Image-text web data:
□ □ □

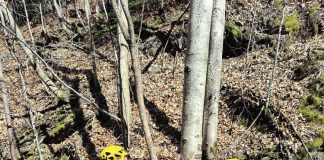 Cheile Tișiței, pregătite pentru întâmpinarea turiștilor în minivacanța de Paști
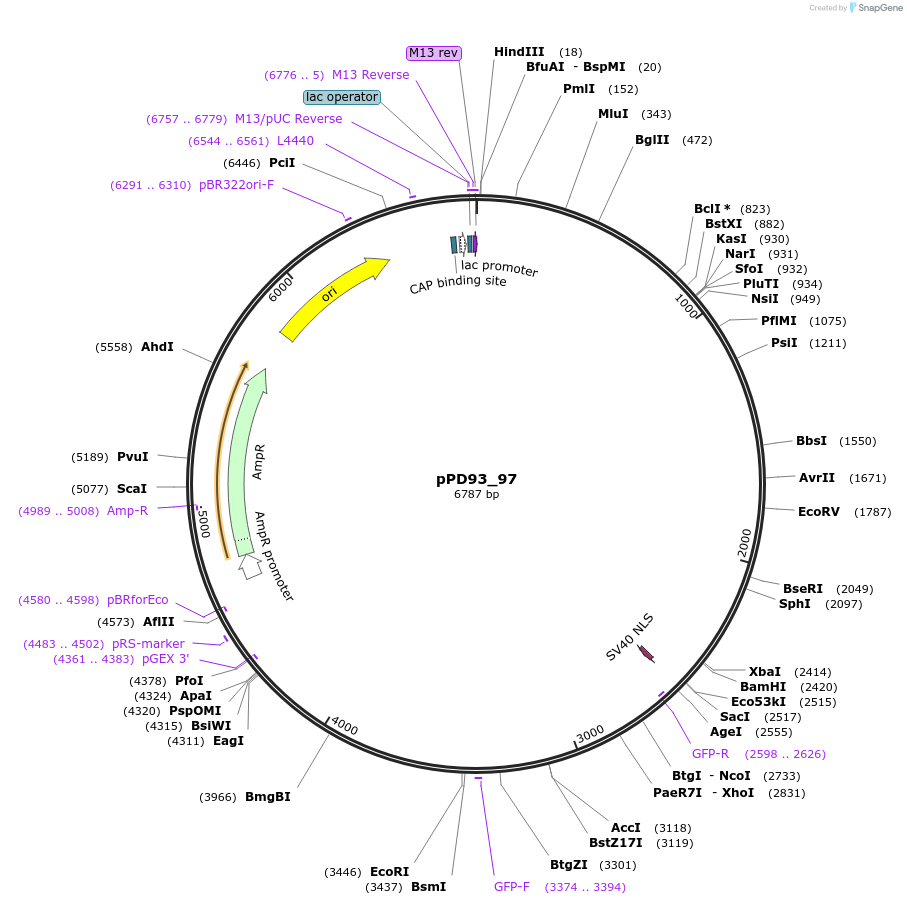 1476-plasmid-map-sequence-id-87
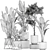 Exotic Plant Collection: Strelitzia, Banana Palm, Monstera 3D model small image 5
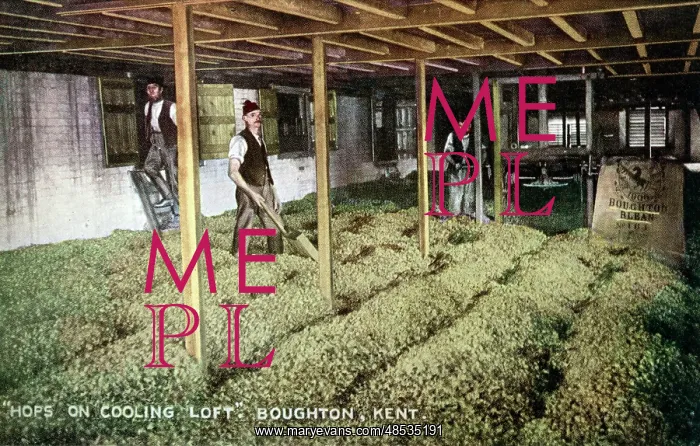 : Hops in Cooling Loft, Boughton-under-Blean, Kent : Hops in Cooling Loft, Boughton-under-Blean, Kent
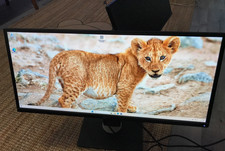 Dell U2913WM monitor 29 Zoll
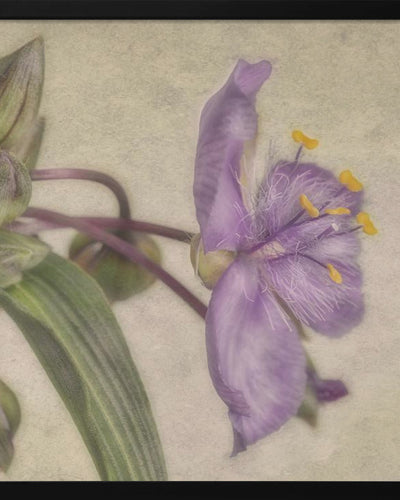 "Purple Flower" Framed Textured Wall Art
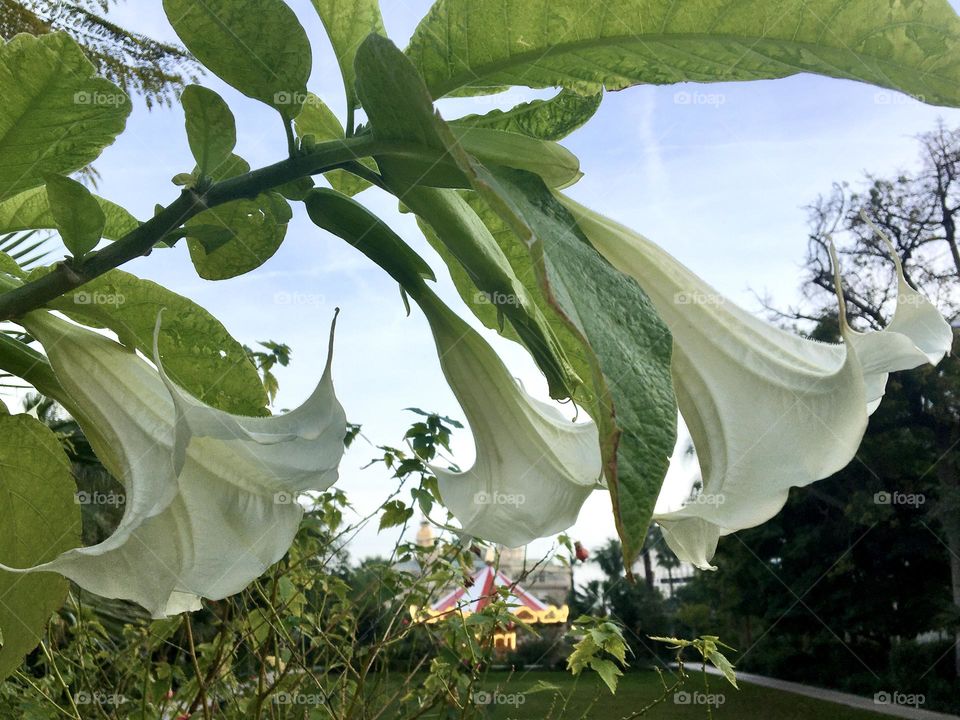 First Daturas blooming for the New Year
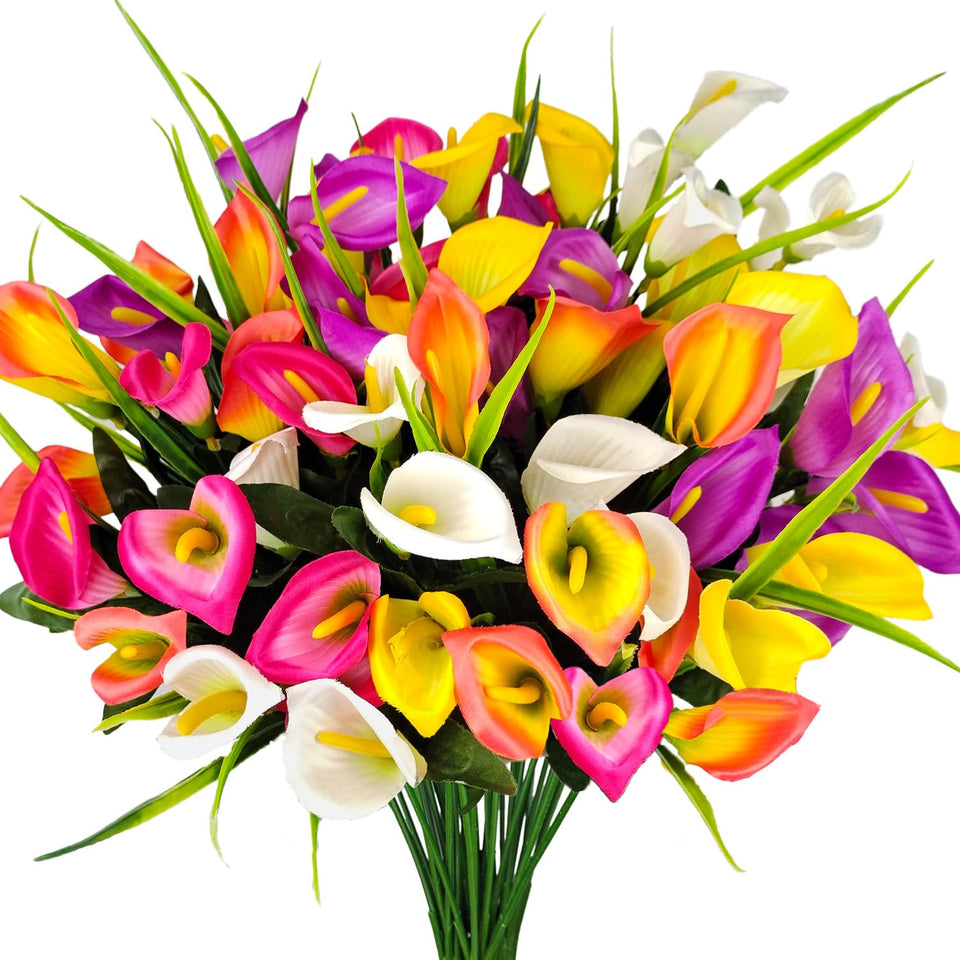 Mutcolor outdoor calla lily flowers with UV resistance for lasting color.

□ □ □

→ EXERCISE DETAILS: Copy the records exactly. Skip the images.

→ RESULT FOR THIS TASK:
 Cheile Tișiței, pregătite pentru întâmpinarea turiștilor în minivacanța de Paști
 1476-plasmid-map-sequence-id-87
 Exotic Plant Collection: Strelitzia, Banana Palm, Monstera 3D model small image 5
 : Hops in Cooling Loft, Boughton-under-Blean, Kent : Hops in Cooling Loft, Boughton-under-Blean, Kent
 Dell U2913WM monitor 29 Zoll
 "Purple Flower" Framed Textured Wall Art
 First Daturas blooming for the New Year
 Mutcolor outdoor calla lily flowers with UV resistance for lasting color.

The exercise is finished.